The Two-Backend Design
The decision to use two separate backends - Apache Arrow for file-based sources and DuckDB for database and data lake sources - reflects a fundamental architectural principle: use the right tool for each job.
The Arrow Backend excels at reading columnar file formats like Parquet, ORC, and Arrow IPC. Apache Arrow provides highly optimized readers for these formats, with support for predicate pushdown directly into the file format's metadata and statistics. When you query a Parquet file, Arrow can skip entire row groups that don't match your filter conditions without reading the underlying data. The Arrow backend also handles partitioned datasets natively, understanding Hive-style partition layouts and applying partition pruning automatically.
The DuckDB Backend handles database connectivity and data lake formats.

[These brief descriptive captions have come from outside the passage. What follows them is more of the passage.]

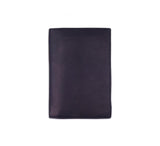 Passport Cover - Pickett London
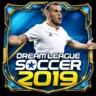 دريم ليج 2019 مهكرة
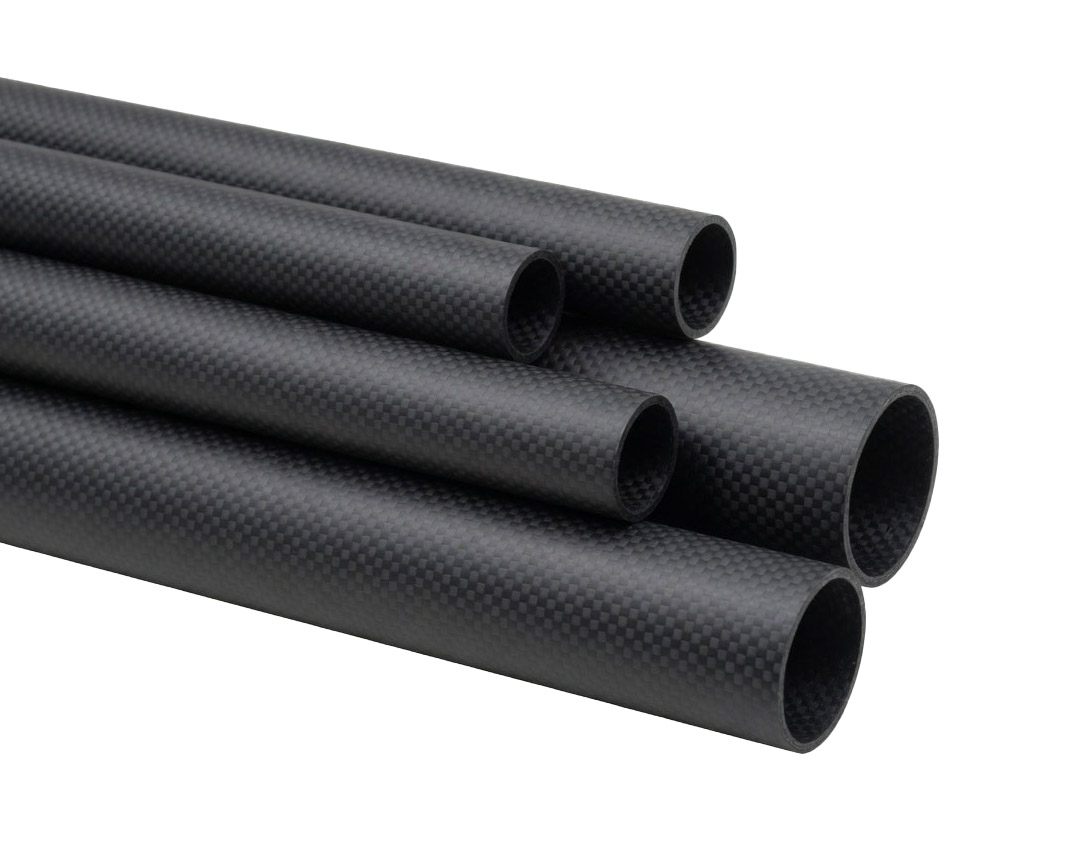 Aerospace Carbon Fiber Supplier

DuckDB's extension ecosystem provides battle-tested connectors for PostgreSQL, MySQL, and SQLite, as well as readers for Delta Lake and Apache Iceberg. By embedding DuckDB as a query processing engine, Cognica gains access to this entire ecosystem while maintaining a consistent SQL interface. DuckDB runs as an in-memory instance within the Cognica process, eliminating inter-process communication overhead.
Query Execution Flow
When you execute a query against an External Virtual Table, the execution follows a carefully orchestrated flow designed to maximize efficiency:
First, the SQL parser analyzes your query and identifies which tables are referenced. For each table, the query planner consults the virtual table registry to determine whether it is a native collection, an Arrow-backed external table, or a DuckDB-backed external table.
For DuckDB-backed sources, the planner extracts filter conditions that can be pushed down and generates a DuckDB SQL query. This query is executed against DuckDB's in-memory instance, which in turn connects to the external source, executes the translated query, and streams results back.

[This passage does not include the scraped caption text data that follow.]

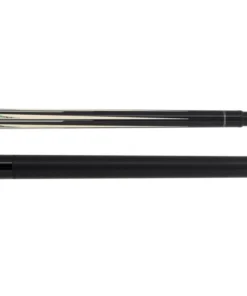Mezz Avant Series Grey Cue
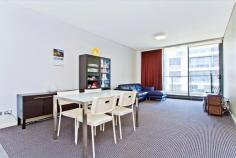 5 Defries Ave Zetland NSW 2017 Lifestyle
- Within the stylish development 'Victoria Square 1', this chic 96sqm
apartment offers ideal executive living or a perfect investment.
Wonderfully convenient to the city, Waterloo, 10 mins to Centennial
Park, parks and cafe's.
Accommodation
- Near new 2 bedroom, apartment features including; Luxurious kitchen
with Caesar stone bench tops, Built-In Wardrobes and balcony, full
bathroom en-suite, european gas cook top & electric oven, Remarkable
fully tiled bathroom with quality finishes, Internal laundry with dryer
and sunny private balcony.
Feature - Security parking in a high security building, Communal lap pool & landscaped gardens & Onsite management.
Strata Levies: 1146.72 pq
Council Rate: 216.90 pq
Water Bill: 150.70
For inspection,
Contact Lim at 0415 607 800
Features
Balcony / Deck Bath Built in wardrobes Dishwasher Ensuite Ensuite(s) Garden / Courtyard Gas Gym Intercom Internal Laundry Outdoor Spa Pets allowed Secure Parking Swimming Pool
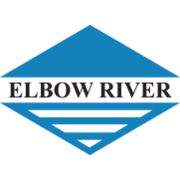 Logo Elbow River Marketing Ltd.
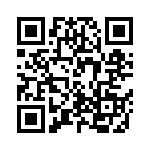 UPJ1J681MHD6TN QRCode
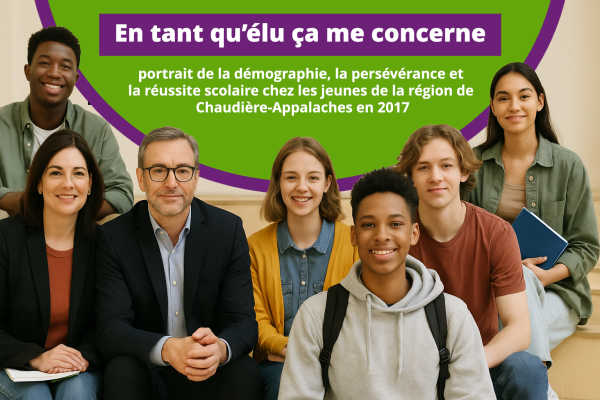 Fiche | En tant qu'élu ça me concerne – MRC des Appalaches
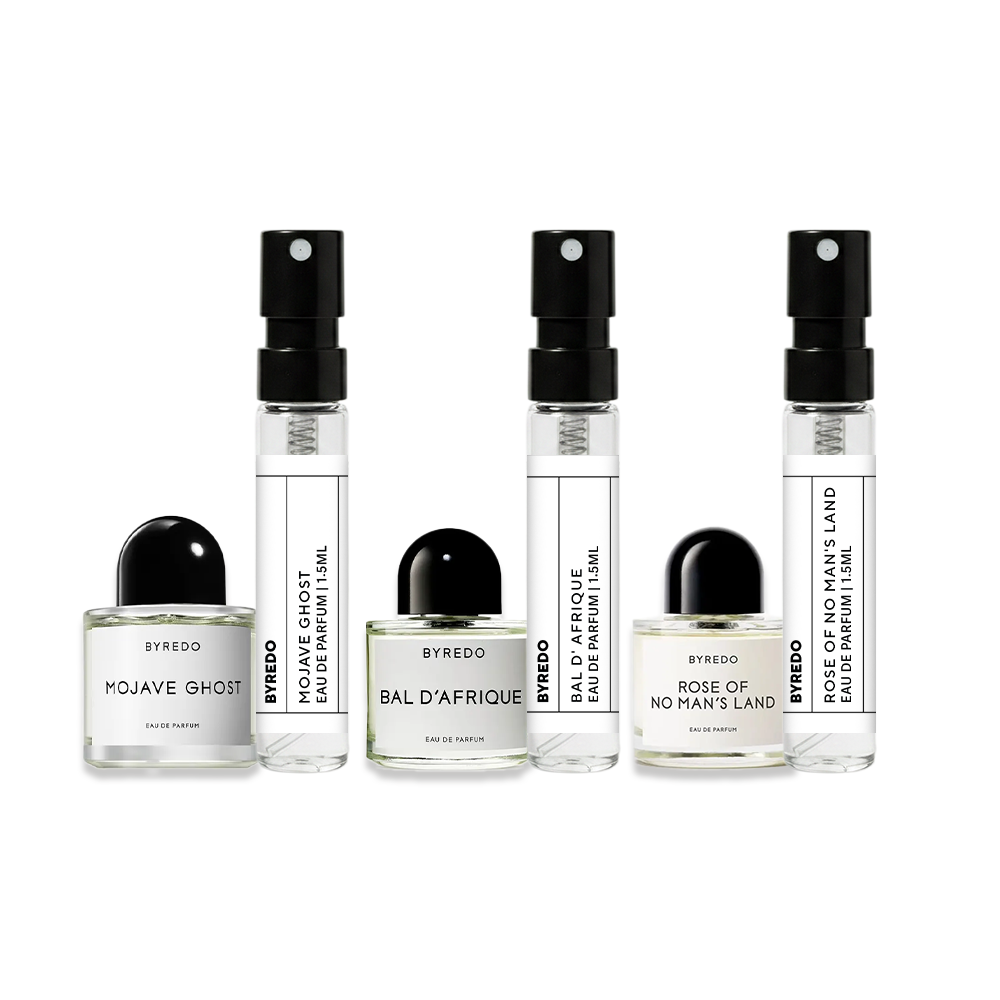 Buy Best Sellers Perfumes Online In India - Best Sellers Fragrances, Colognes & Scents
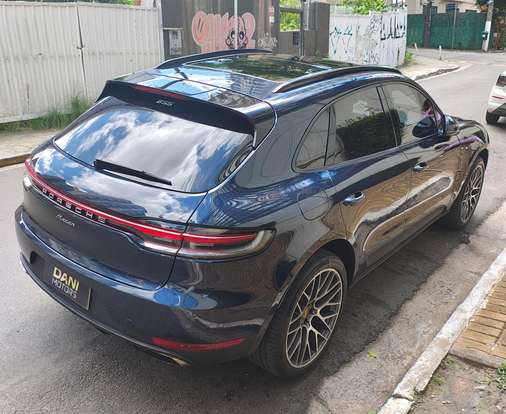 PORSCHE-MACAN-2021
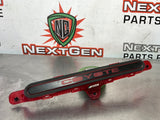 2011 FORD MUSTANG 3RD BRAKE LIGHT OEM AR33-13A613-AG OEM #449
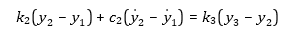 Equation2b
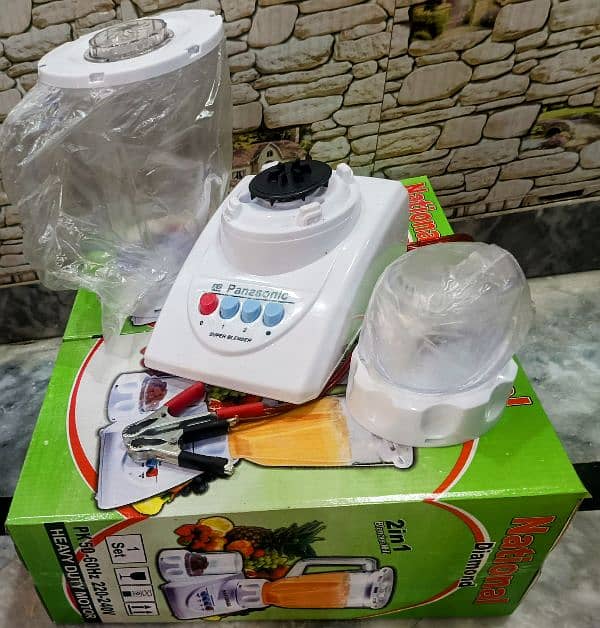 12 volt juicer 0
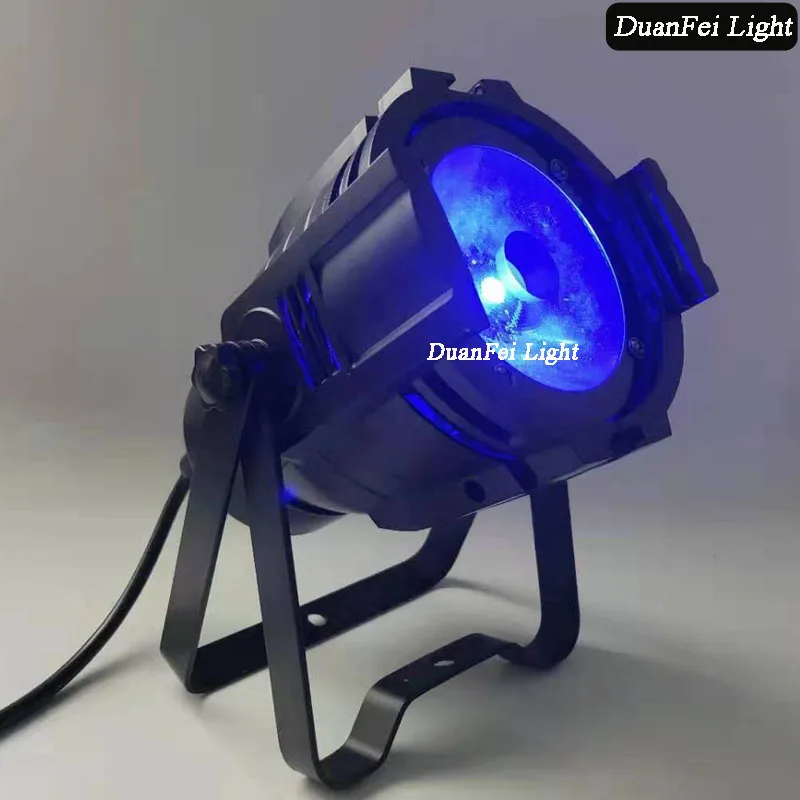 60W COB Par-2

For Arrow-backed sources, the planner creates an Arrow dataset scanner with the appropriate filters and projections, which reads directly from the file system or cloud storage.

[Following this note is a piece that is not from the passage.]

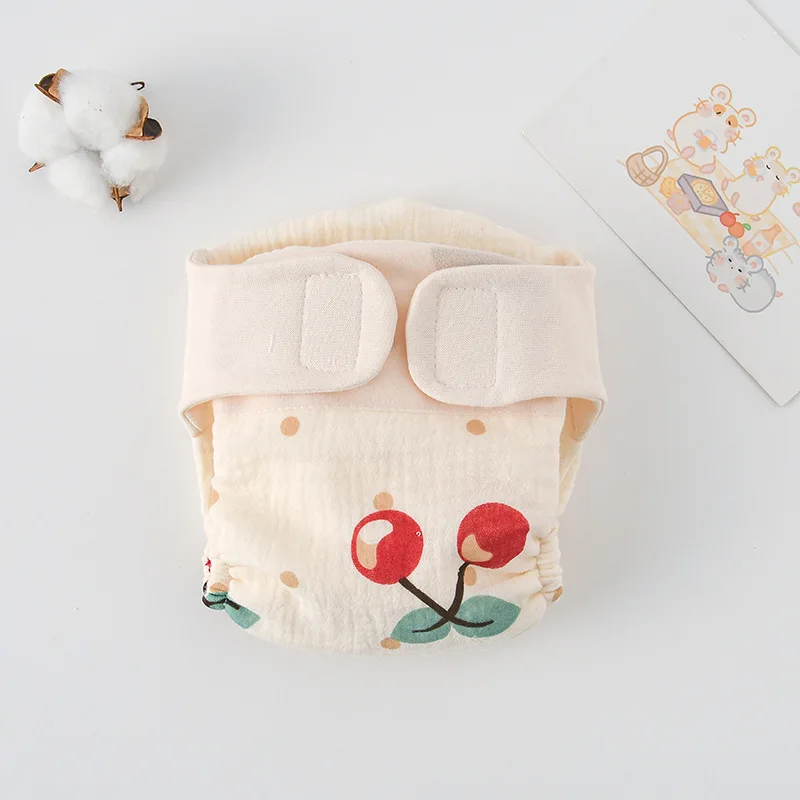 ComfyCotton – Impermeabili e sicuri – Mutandine di cotone biologico per l'addestramento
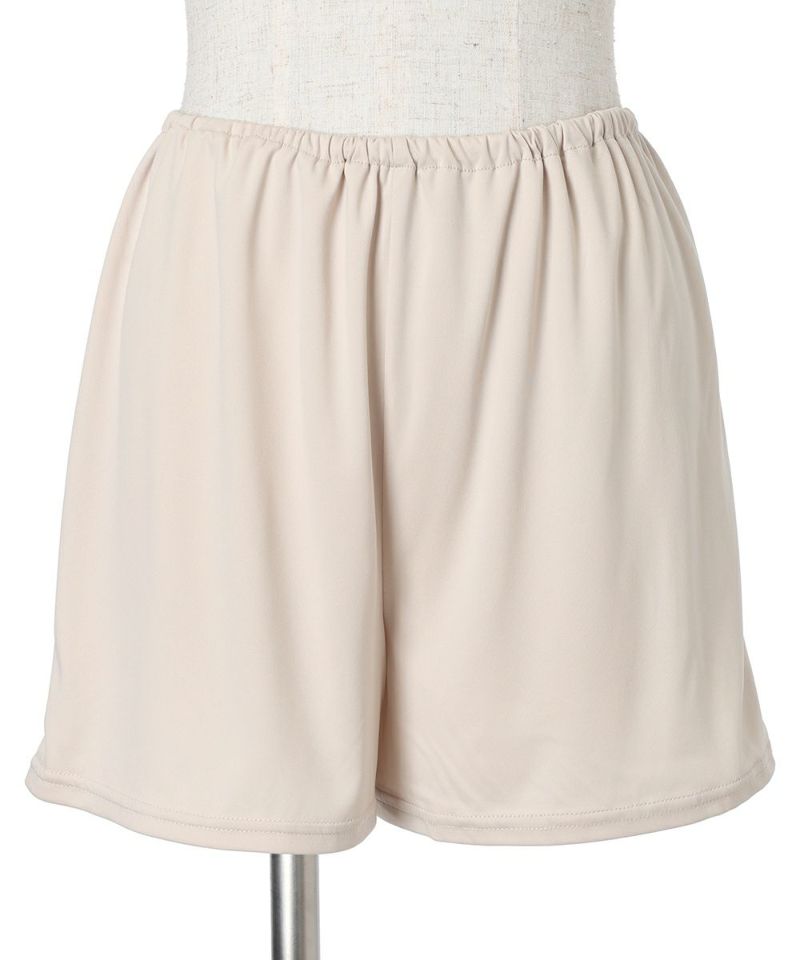 Pettipants (ivory)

Results from external sources are materialized as Cognica cursors, which can then participate in joins with other external sources or native collections. The query executor handles the orchestration, applying any remaining operations that could not be pushed down to the sources.
The Cursor Provider Chain
Cognica's query execution system uses a chain-of-responsibility pattern for cursor creation. When the executor needs to read from a table, it asks the cursor provider chain, which consists of multiple providers, each handling a specific type of table:
SystemCatalogCursorProvider
-> DuckDBCursorProvider
-> ExternalTableCursorProvider
-> TransactionCursorProvider
The SystemCatalogCursorProvider handles queries against system catalogs like _sys.virtual_tables and _sys.sequences. These are internal metadata tables that describe the database structure itself.
The DuckDBCursorProvider intercepts requests for tables that are registered as DuckDB-backed virtual tables. It checks the virtual table registry, and if the requested table is a PostgreSQL, MySQL, Delta Lake, or Iceberg source, it generates the appropriate DuckDB query and returns a cursor over the results.
The ExternalTableCursorProvider handles Arrow-backed file sources. It creates Arrow dataset scanners for Parquet, CSV, ORC, and other file formats.
The TransactionCursorProvider is the final link in the chain, handling native Cognica collections. If no upstream provider claims a table, it must be a native collection, and this provider creates a cursor using the transaction's snapshot of the collection.
This chain architecture provides clean separation of concerns and makes it easy to add new types of external sources in the future.